John Griffin is the director of shelter services at the Women’s Humane Society in Bensalem, PA. They are committed to the humane and compassionate treatment of animals and are distinguished as America’s First Animal Shelter.
What you should know before bringing your new dog home:
You want to look at what exercise and enrichment you can provide in either your apartment or condo or if you are city living versus something a little bit bigger, If you don’t have a yard, where am I going to walk this dog? What does the traffic look like? What does the car traffic look like? Is this dog you know, is this shelter reporting this animal is scared of strangers?
What kind of collar am I going to put on my dog? What kind of, if I’m going to use a harness, what kind of a harness will I use? Should I get it before or after I adopt? You want to think about those things if you don’t want to get that dog, get that temporary at leash the shelter gives you and go home and say now what? Right?
Am I going to put the dog in a crate? What size crate do I need? All of those things are important things to check off. It might be a little bit different when we are talking about an animal that could be 30 pounds to 130 pounds, you know and what that looks like. If I have a fence: is four feet tall enough, do I need a six-foot fence or is this dog, even though its big, it can’t really jump. You want to look at all those things and just make sure that you are ready to take on the responsibility of if X goes wrong Y is the outcome.
What dogs are best for apartment living?
Our friends are ForRent.com posted a great article about the different breeds for apartment living. It is so important to take this into consideration before adopting a dog from the shelter.

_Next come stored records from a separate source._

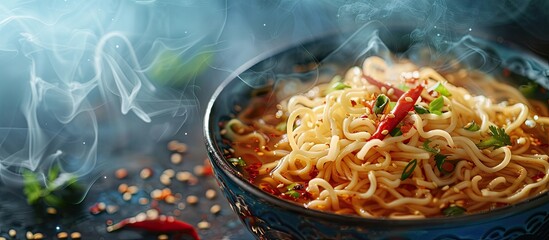 Aufkleber - Traditional Asian noodles floating in savory broth with copy space image for presentation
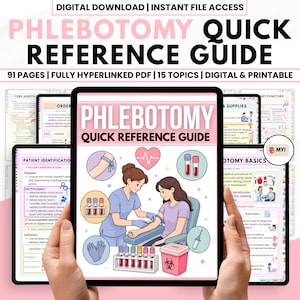 Puede incluir: Descarga digital de una guía de referencia rápida de flebotomía. La guía presenta 91 páginas, 15 temas y está totalmente hipervinculada. La imagen muestra a una persona extrayendo sangre de otra, con suministros médicos y texto.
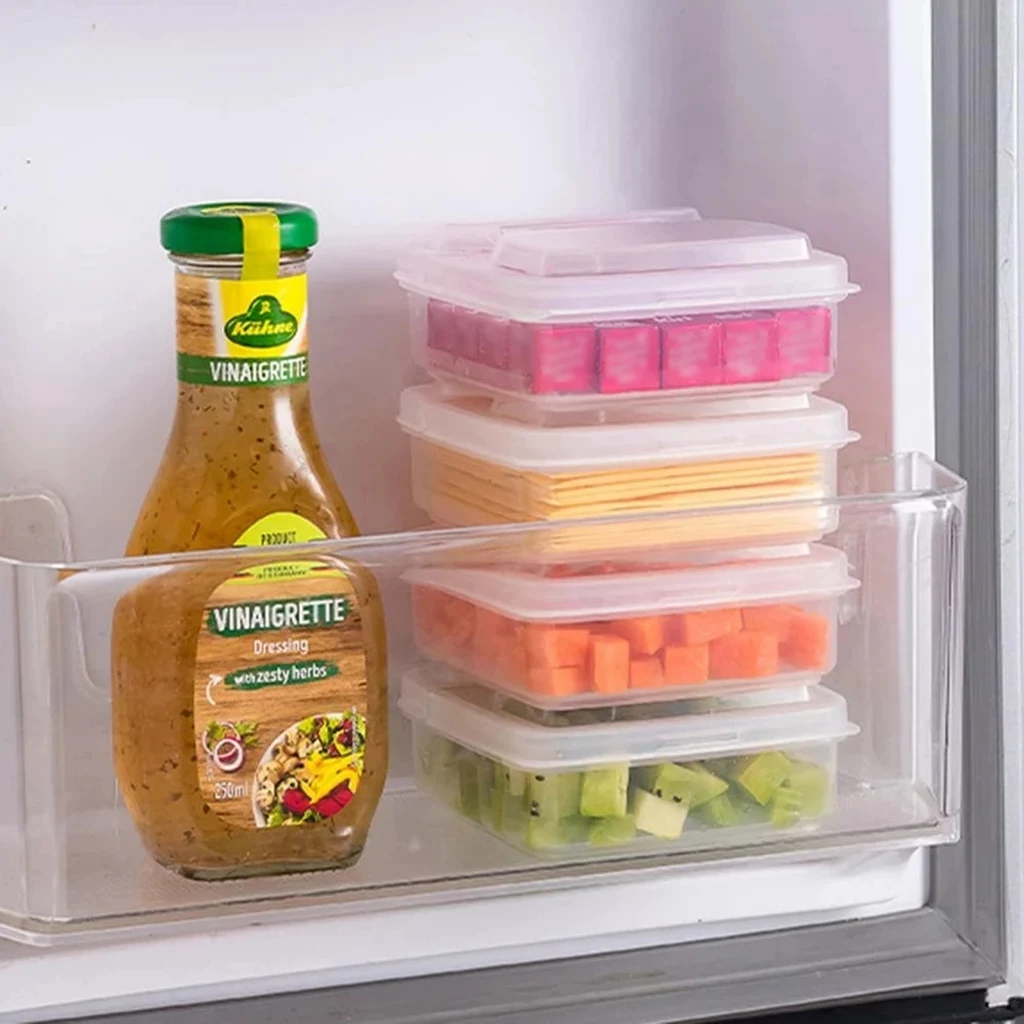 2pcs Butter Cheese Storage Box Transparent Cheese Box Refrigerator Kitchen Fruit Vegetable Fresh-keeping Organizer Storage Box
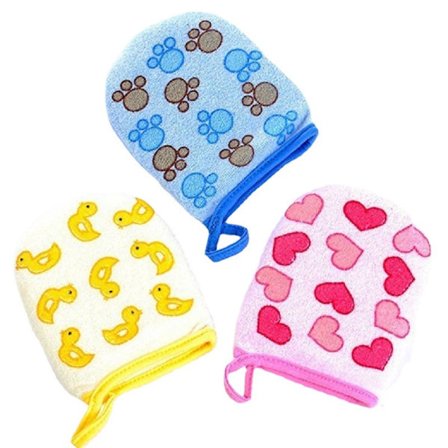 3 st Baby Badsvamp Barn Duschvante Bomull Nyfödd Badsvamp Dusch Barn Badborste Bomullsskrubb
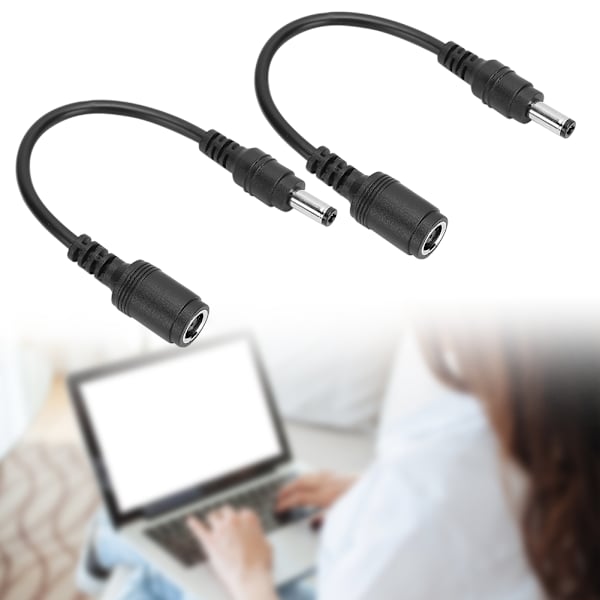 2 stk DC strømoplader adapter konverter 7,4x5,0 mm hun til 5,5x2,5 mm han til HP bærbar computer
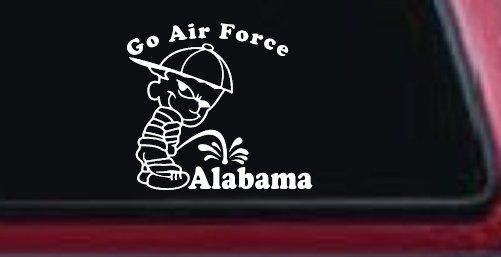 Go Air Force Pee On Alabama Car or Truck Window Decal Sticker (White)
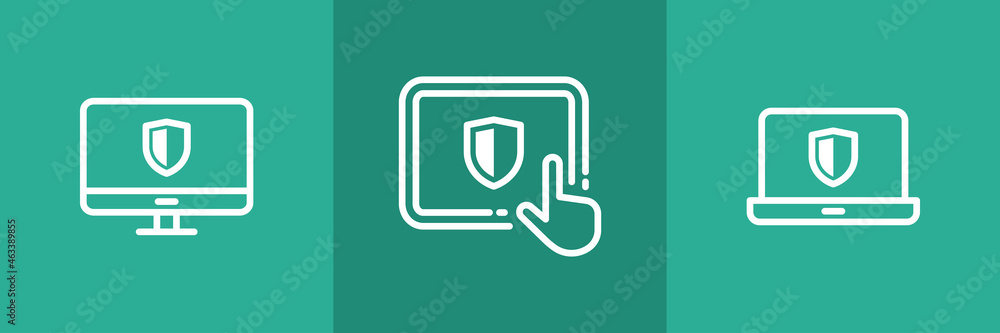 Set of 3 smart devices with shield icon. Set of 3 smart devices with shield icon.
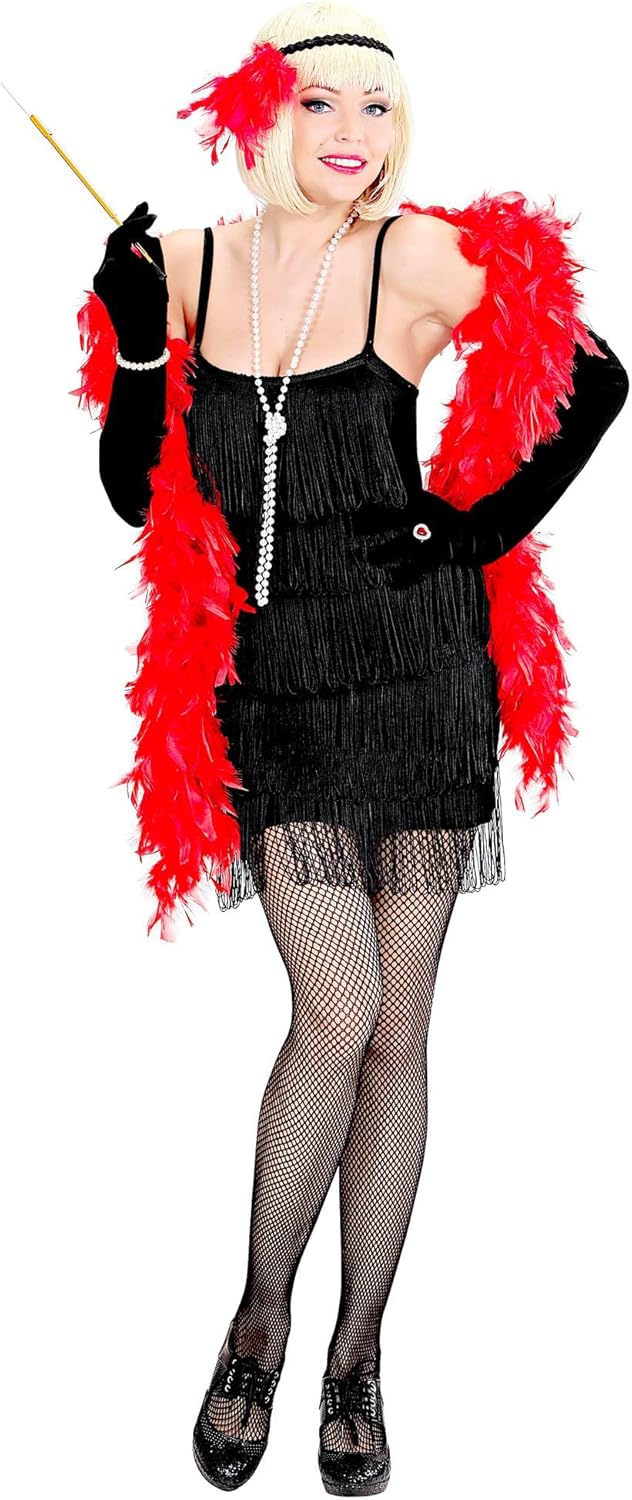 Flapper Fransenkleid 20er Jahre, (Kleid, Stirnband mit Federn)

Shih Tzu: Its size is small, weighing just 9 to 16 pounds, and its temperament is playful, sassy and affectionate. A Shih Tzu is a lap dog that prefers to be pampered. Because of its low energy, it doesn’t need many trips outside, but it does need companionship. Chinese royals had them as house pets, and the little Buddha dogs were companions for thousands of years. Warning: Its long hair requires grooming.
Cavalier King Charles Spaniel: Another dog breed of small-statured canines, this dog weighs just 10 to 18 pounds. Its temperament is friendly and eager to please, and it gets along well with children and other dogs. The breed dates back to British royalty and King Charles II’s preference for little dogs. These spaniels respond well to training, but be forewarned that their long-hair coat requires good nutrition and care.
Pug: Its weight is 14 to 18 pounds, and its temperament is comical and playful. But compared to other small dogs, pugs are a relatively quiet breed, which is an important consideration when living in pet-friendly apartments. Pugs can be stubborn at times, but their general friendliness makes them good city dogs.
Basset Hound: A medium-sized dog, the basset hound typically weighs between 20 and 65 pounds. Its temperament is easygoing and good-natured, and the breed is recognizable by its long, floppy ears. The dogs spend most of the day sleeping and are great with kids. This cuddly breed is a natural pack animal, but be forewarned that it can be vocal.
Bulldog: With a typical weight between 40 and 55 pounds, this medium-sized dog has a temperament that is easygoing, mellow and friendly. Some say that bulldogs look like a larger pug. Typically, they are more interested in the couch than the dog park, making them a low-maintenance breed and a classic example of a city dog. Warning: It drools and snores.
Greyhound: Even though a greyhound may weigh between 60 and 70 pounds, its temperament is what makes it well-suited for apartment living. This breed is typically quiet, well-mannered and eager to please. Greyhounds are surprisingly lazy and happy to spend the day on your couch. Despite being able to run at speeds up to 45 mph, it can be shy and prefers a calm household. Warning: It has a strong chasing instinct.
Mastiff: This calm and good-natured breed can weigh anywhere between 120 and 230 pounds. A gentle giant, the mastiff is instinctively protective of its family. It needs regular exercise like moderate walks and visits to the park, so make sure these big guys adjust to taking the elevator in your apartment building. Warning: It slobbers and can be stubborn.